### Problem requirements:
Copy nothing but the lines below running from the line containing "Bengal CM urges" through the line containing "119 Rushing Water Ln, Troutman, NC 28166", both end lines included.

*** Provided material Section Begins ***

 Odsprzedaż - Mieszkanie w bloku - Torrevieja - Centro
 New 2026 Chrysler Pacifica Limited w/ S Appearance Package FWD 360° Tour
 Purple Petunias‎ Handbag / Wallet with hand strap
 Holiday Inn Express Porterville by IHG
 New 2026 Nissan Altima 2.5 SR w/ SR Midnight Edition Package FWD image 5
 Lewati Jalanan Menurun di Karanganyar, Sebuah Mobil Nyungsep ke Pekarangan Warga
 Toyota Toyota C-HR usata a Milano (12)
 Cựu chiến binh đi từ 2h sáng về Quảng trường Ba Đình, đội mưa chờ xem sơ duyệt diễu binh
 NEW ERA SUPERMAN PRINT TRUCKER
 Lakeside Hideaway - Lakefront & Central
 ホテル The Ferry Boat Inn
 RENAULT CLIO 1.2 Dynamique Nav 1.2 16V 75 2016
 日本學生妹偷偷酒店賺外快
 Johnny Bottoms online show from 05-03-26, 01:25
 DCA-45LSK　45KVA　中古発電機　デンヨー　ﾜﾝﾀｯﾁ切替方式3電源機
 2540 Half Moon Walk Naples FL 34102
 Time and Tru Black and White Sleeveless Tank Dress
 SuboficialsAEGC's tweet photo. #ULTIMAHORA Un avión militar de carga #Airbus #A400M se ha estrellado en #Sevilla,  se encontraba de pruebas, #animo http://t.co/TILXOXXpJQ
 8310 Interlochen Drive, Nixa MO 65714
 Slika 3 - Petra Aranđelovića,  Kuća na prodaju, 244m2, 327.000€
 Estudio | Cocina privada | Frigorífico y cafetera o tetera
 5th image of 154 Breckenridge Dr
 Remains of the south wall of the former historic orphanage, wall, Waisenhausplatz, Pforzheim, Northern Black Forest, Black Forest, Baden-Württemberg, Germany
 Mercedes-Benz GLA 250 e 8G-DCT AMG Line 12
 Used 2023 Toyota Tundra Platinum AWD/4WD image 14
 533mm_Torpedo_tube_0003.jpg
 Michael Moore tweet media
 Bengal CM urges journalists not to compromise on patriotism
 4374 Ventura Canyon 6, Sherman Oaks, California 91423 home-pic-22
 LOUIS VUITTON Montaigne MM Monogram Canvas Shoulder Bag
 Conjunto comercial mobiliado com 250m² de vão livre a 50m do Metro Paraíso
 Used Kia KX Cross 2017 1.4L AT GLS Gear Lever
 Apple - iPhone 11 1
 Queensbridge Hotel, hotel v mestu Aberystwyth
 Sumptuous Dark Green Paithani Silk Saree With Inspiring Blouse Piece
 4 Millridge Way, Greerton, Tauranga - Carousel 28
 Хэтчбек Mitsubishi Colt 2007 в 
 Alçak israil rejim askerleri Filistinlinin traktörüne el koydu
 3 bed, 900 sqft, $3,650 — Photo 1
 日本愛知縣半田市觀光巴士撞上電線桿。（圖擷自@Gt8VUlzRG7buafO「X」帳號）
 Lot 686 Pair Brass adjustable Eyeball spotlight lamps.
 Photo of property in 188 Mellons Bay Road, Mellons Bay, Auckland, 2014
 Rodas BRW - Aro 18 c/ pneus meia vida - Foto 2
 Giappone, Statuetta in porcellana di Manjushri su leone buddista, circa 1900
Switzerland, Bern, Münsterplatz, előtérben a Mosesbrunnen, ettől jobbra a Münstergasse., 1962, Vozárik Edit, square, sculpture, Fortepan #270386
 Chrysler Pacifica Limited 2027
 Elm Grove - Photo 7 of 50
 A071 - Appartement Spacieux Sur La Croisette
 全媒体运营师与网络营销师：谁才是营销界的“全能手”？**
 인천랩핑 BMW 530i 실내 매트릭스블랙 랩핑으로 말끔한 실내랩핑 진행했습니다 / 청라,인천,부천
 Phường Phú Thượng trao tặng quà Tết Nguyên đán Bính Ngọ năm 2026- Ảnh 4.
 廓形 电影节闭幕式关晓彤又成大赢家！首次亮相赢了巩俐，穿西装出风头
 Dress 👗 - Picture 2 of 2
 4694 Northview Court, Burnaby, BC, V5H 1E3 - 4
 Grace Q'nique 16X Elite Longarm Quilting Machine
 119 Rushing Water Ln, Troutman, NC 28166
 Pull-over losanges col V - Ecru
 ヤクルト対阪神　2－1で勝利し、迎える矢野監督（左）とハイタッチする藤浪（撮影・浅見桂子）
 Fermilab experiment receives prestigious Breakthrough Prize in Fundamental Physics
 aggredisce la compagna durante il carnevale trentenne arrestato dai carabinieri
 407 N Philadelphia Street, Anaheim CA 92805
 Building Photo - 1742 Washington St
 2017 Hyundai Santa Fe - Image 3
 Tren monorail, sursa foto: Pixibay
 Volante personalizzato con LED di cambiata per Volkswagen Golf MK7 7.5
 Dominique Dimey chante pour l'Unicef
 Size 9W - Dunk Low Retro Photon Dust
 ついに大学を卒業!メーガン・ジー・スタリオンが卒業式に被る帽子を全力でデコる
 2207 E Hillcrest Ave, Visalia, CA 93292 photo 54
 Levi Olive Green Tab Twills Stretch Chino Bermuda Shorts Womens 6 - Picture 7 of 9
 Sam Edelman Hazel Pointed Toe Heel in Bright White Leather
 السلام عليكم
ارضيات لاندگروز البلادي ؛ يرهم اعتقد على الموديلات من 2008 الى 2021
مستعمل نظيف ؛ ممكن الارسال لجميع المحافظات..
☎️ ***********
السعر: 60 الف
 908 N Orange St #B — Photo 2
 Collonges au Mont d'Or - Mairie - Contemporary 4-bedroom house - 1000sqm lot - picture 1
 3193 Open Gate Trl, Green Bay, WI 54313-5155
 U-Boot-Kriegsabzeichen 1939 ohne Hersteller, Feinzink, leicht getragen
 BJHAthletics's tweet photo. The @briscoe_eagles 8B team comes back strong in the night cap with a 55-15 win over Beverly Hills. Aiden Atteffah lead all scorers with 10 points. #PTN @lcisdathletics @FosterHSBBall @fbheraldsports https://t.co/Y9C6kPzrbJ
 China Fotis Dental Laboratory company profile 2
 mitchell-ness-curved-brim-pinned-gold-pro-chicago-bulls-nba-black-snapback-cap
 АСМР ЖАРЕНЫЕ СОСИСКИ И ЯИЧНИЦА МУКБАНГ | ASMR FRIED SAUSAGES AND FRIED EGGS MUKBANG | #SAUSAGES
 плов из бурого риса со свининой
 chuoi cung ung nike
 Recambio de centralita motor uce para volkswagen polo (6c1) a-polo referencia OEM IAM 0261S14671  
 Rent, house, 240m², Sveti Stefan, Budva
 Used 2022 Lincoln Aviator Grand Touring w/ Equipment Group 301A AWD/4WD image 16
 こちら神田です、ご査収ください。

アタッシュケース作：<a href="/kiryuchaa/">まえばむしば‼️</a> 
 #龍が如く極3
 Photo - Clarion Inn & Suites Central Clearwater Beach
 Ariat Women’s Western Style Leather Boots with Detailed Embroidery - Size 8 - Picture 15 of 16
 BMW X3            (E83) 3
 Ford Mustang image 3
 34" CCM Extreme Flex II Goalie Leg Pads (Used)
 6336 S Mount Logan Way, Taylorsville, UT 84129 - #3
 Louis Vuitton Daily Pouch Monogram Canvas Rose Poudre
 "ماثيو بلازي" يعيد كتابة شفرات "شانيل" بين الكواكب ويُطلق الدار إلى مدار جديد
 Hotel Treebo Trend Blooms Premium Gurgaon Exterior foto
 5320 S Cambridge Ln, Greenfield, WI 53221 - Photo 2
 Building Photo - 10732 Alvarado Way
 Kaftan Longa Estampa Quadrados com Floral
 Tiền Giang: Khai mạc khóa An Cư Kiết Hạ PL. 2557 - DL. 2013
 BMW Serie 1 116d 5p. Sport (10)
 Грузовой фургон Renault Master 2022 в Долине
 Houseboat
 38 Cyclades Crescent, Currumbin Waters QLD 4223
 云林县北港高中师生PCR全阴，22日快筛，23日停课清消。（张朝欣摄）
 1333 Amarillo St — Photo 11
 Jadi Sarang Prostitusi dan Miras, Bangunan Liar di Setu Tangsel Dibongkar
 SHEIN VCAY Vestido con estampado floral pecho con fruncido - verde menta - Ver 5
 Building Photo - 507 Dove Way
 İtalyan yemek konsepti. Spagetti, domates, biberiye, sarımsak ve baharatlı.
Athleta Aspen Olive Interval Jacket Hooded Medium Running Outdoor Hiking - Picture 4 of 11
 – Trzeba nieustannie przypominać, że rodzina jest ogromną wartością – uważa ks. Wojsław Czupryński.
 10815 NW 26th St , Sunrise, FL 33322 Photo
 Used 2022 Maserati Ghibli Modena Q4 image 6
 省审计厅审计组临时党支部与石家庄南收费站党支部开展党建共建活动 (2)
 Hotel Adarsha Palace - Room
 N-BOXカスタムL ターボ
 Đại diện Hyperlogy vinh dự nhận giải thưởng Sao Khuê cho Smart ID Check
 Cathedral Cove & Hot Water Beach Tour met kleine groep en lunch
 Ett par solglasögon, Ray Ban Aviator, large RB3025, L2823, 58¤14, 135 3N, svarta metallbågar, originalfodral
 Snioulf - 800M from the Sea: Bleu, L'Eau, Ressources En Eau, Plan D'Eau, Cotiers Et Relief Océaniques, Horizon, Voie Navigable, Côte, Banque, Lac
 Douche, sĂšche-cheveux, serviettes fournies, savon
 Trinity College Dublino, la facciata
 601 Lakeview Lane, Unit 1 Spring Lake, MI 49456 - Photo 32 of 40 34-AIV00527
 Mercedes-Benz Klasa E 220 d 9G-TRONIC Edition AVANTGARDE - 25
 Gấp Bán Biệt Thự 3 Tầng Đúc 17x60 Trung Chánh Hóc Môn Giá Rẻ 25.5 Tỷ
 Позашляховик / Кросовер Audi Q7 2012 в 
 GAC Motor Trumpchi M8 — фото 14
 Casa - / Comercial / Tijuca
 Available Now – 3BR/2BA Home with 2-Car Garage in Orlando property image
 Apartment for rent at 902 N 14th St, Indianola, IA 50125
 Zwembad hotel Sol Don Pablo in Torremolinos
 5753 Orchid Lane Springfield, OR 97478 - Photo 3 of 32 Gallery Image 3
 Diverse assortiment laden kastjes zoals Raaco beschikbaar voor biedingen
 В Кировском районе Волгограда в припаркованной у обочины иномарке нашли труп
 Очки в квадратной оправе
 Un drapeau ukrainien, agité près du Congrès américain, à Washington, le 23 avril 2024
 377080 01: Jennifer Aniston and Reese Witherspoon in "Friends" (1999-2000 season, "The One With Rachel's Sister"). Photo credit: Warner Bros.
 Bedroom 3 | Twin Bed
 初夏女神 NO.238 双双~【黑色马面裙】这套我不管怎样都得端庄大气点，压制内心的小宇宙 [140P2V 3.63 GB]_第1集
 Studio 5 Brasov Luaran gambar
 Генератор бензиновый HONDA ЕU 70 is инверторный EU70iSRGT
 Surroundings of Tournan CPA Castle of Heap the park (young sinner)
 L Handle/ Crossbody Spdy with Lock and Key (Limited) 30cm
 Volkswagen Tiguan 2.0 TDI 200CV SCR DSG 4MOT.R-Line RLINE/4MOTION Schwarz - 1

*** Provided material Section Ends ***

### Your solution:
 Bengal CM urges journalists not to compromise on patriotism
 4374 Ventura Canyon 6, Sherman Oaks, California 91423 home-pic-22
 LOUIS VUITTON Montaigne MM Monogram Canvas Shoulder Bag
 Conjunto comercial mobiliado com 250m² de vão livre a 50m do Metro Paraíso
 Used Kia KX Cross 2017 1.4L AT GLS Gear Lever
 Apple - iPhone 11 1
 Queensbridge Hotel, hotel v mestu Aberystwyth
 Sumptuous Dark Green Paithani Silk Saree With Inspiring Blouse Piece
 4 Millridge Way, Greerton, Tauranga - Carousel 28
 Хэтчбек Mitsubishi Colt 2007 в 
 Alçak israil rejim askerleri Filistinlinin traktörüne el koydu
 3 bed, 900 sqft, $3,650 — Photo 1
 日本愛知縣半田市觀光巴士撞上電線桿。（圖擷自@Gt8VUlzRG7buafO「X」帳號）
 Lot 686 Pair Brass adjustable Eyeball spotlight lamps.
 Photo of property in 188 Mellons Bay Road, Mellons Bay, Auckland, 2014
 Rodas BRW - Aro 18 c/ pneus meia vida - Foto 2
 Giappone, Statuetta in porcellana di Manjushri su leone buddista, circa 1900
Switzerland, Bern, Münsterplatz, előtérben a Mosesbrunnen, ettől jobbra a Münstergasse., 1962, Vozárik Edit, square, sculpture, Fortepan #270386
 Chrysler Pacifica Limited 2027
 Elm Grove - Photo 7 of 50
 A071 - Appartement Spacieux Sur La Croisette
 全媒体运营师与网络营销师：谁才是营销界的“全能手”？**
 인천랩핑 BMW 530i 실내 매트릭스블랙 랩핑으로 말끔한 실내랩핑 진행했습니다 / 청라,인천,부천
 Phường Phú Thượng trao tặng quà Tết Nguyên đán Bính Ngọ năm 2026- Ảnh 4.
 廓形 电影节闭幕式关晓彤又成大赢家！首次亮相赢了巩俐，穿西装出风头
 Dress 👗 - Picture 2 of 2
 4694 Northview Court, Burnaby, BC, V5H 1E3 - 4
 Grace Q'nique 16X Elite Longarm Quilting Machine
 119 Rushing Water Ln, Troutman, NC 28166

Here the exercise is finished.